Endurance avrebbe dovuto essere in stazione alle 12, io l’avrei preso e portato a Borgo Panigale, ma alle 12.15 arriva una telefonata con la quale mi diceva che sarebbe arrivato alle 13.45. Io mi sono irrigidita e gli ho detto che a quel punto era inutile che venisse. Ma ho avvertito la sua desolazione e gli ho proposto di venire semplicemente a mangiare a casa mia. Vado in stazione, lo carico in macchina e lui cerca di spiegarmi che prende il treno senza biglietto, ma se arriva il controllore, deve scendere e aspettare la corsa successiva. Mi sono vergognata di aver pensato male. È tanto facile pensare male dei poveri! Per un ritardo di un ricco viene spontaneo ipotizzare qualche grave causa importante. Un povero lo si sospetta subito di cialtroneria.
Invece di fermarmi a casa, gli ho proposto di andare ugualmente alla chiesa: avevamo più di un’ora di ritardo. Avrebbe comunque visto il posto e forse avremmo trovato ancora qualcuno.
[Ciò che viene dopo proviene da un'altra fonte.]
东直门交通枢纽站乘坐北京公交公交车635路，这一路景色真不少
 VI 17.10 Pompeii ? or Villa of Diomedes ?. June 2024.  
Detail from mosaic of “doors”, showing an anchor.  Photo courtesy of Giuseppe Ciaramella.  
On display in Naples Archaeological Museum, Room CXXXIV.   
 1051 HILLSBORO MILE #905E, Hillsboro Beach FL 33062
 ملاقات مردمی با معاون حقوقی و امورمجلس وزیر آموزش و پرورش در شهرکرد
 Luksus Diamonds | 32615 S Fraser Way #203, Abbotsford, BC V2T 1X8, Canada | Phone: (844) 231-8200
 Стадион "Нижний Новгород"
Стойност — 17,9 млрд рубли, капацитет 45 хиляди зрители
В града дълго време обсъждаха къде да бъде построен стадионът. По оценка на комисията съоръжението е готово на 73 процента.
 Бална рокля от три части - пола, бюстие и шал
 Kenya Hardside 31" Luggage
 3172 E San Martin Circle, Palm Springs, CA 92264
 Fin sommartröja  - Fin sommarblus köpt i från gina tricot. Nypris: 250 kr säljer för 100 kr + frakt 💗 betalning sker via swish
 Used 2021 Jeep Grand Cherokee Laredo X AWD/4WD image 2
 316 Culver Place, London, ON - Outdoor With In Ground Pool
Mentre ci avvicinavamo alla porta della chiesa, ci raggiunge un coro in inglese. Gli si è illuminato il viso mentre diceva: “Oh, in inglese!”. Ho capito quanto quel pezzo di messa ascoltato dalla consacrazione alla fine lo abbia consolato e rinfrancato. Terminata la messa p. Daniel ha invitato all’altare coloro che erano lì per la prima volta, per la presentazione e il saluto, e sono venuti a chiamare anche me che ero rimasta in fondo alla chiesa. Mi è venuto in mente quando p. Leonello in Mozambico chiamò me e Eileen per presentarci alla comunità e lì trovammo Rosineide, suora comboniana, che avevo conosciuto all’Expo un anno prima.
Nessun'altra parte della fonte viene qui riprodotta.